Indian investors stay away from gold ETFs

NEW DELHI/LONDON: India, the world’s top gold consumer, has barely scratched the surface for exchange traded funds (ETFs) and it will be a long haul to tempt buyers clinging to jewellery to switch to rules-ridden paper gold.
Though the country consumes 800 tonnes a year – nearly a fifth of the world’s annual gold supply – in jewellery and physical metal, the funds have attracted investments of less than five tonnes since their listings three months ago.
In contrast, an ETF launched in the US in 2004 attracted investment equal to eight tonnes of gold on the first day and more than 100 tonnes in about a week.
Global gold funds now collectively hold more gold than the Chinese central bank, the world’s tenth-largest holder with 600 tonnes.
Analysts said bad timing and rigid government rules were equally to blame for not winning over more Indian investors.
“It has been launched at the wrong time when gold prices have started dipping. People are sitting with surplus cash, but the volatility has kept investors away,” said Mumbai-based Gnanasekhar Thiagarajan, director of Commtrendz Risk Management.
“Vibrant equity markets have also kept investors away from gold exchange traded funds (ETFs),” he said.
The Mumbai Stock Exchange’s main index surged 47% in 2006 and another 5% this year. Gold rose 24% in 2006 but is only up 1.6% so far this year.
Analysts said investment in Indian gold ETFs was a sure bet, provided investors were willing to hang on for a longer period and shed their desire to buy it physically. The interest was being stymied by lack of aggressive marketing.
“The awareness of this type of investment vehicle is still low. Also, if the ETFs have to reach the rural public, the account opening procedures and documents should be kept simple,” said SI Kannan, analyst with Kotak Commodities.
Mandatory requirements for an income tax identification number made the system difficult for illiterate farmers who buy gold. Rules that prevent commodity firms from giving price guidance were also hampering growth, analysts said.
Analysts said that other issues such as restricting trading in ETFs to Indian stock trading hours prevented investors from taking guidance from global price trends, especially from gold futures in the US.
Stuart Thomas, managing director of US-based World Gold Trust Service, said the poor response was also a result of the structure of the Indian products.
“With the market size of India, with growth in India, with the affinity for gold, I would call those products sub-optimal,” said Thomas, who heads the firm that has launched a gold ETF, which accounts for 75% of gold accumulated by global ETFs.
“It’s really a structural issue more than anything else. I think with the right product in that market with the right structure, you have got the massive offtake there,” he said.
Analysts said the design of the products – only in local currency, controls on imports and exports of gold bars, limitations on the foreign exchange trade and several rules imposed by the equities market regulator – scared investors.
“What has prevented us from really doing something in India is that the current regulations are not favourable for us to roll out our products the way we think they should be,” said Pierre Lassonde, chairman of industry-funded World Gold Council, which has sponsored and promoted several gold ETFs in the world.

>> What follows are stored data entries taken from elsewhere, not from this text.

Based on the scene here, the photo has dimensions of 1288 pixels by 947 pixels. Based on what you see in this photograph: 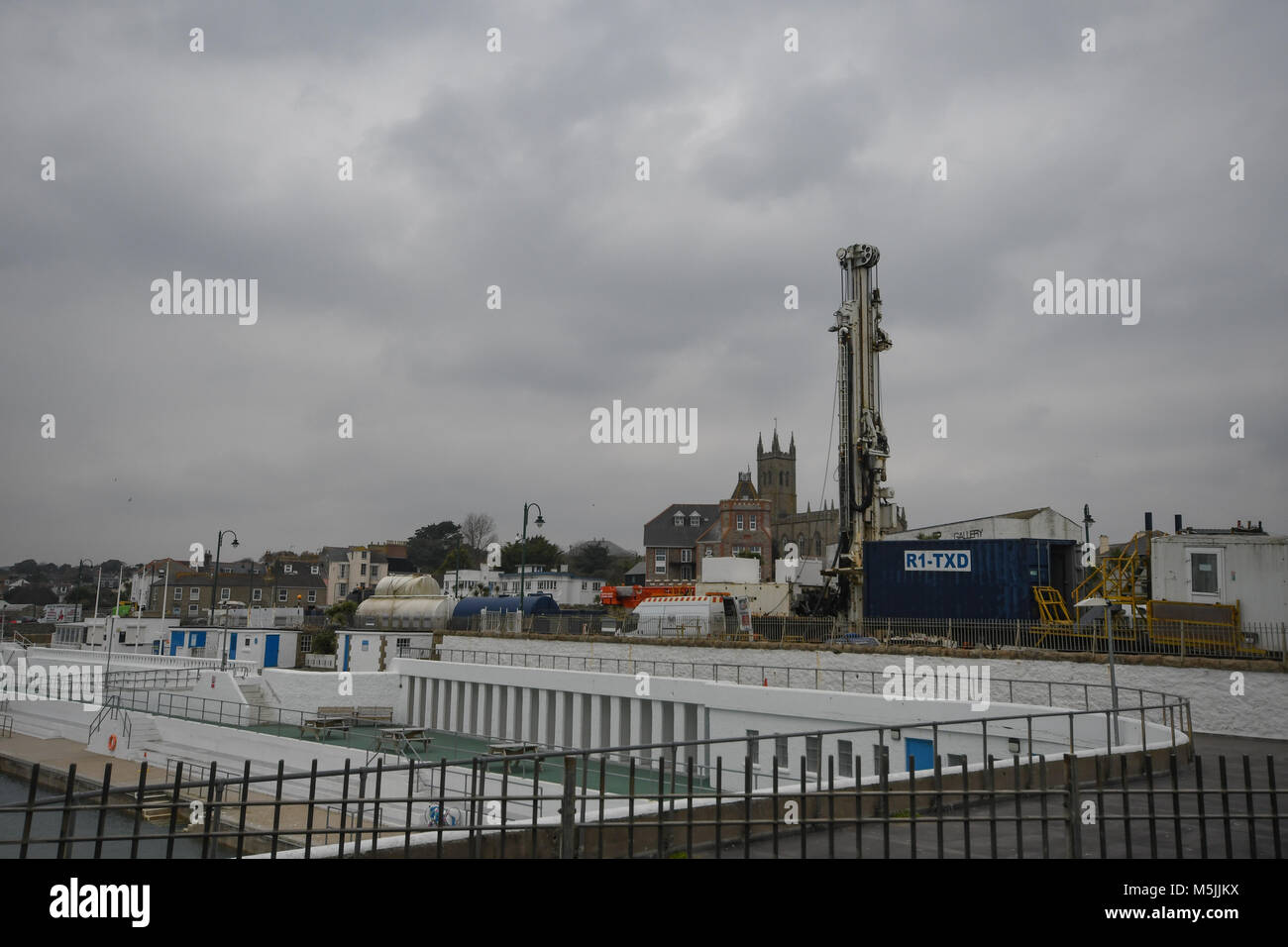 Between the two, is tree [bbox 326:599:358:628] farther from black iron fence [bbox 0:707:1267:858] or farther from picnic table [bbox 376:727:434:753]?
black iron fence [bbox 0:707:1267:858]

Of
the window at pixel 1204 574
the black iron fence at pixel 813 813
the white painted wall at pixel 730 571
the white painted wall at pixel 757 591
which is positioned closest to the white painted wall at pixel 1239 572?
the window at pixel 1204 574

“It doesn’t give the buyer the protection, it doesn’t give the buyer the fungibility that we have in other products.”
Only about a dozen authorised banks and government trading houses are allowed to import and sell gold in India. Shipments of gold bars are banned, but gold jewellery can be exported.
But promoters of Indian ETFs, UTI Asset Management and Benchmark Asset Management, remain optimistic following a pick up in trading, though volumes were still small.
“We have about 10 kg of gold, or 10,000 units being traded every day on the exchange,” said Swati Kulkarni, vice-president of UTI Asset Management. “In May, 5,000 units were being traded.
In two years, I would think it will be a popular product.” Rajan, Mehta, managing director of Benchmark, which launched the first gold ETF in March, said its growth had been steady.
“It is a cultural shift and it takes time.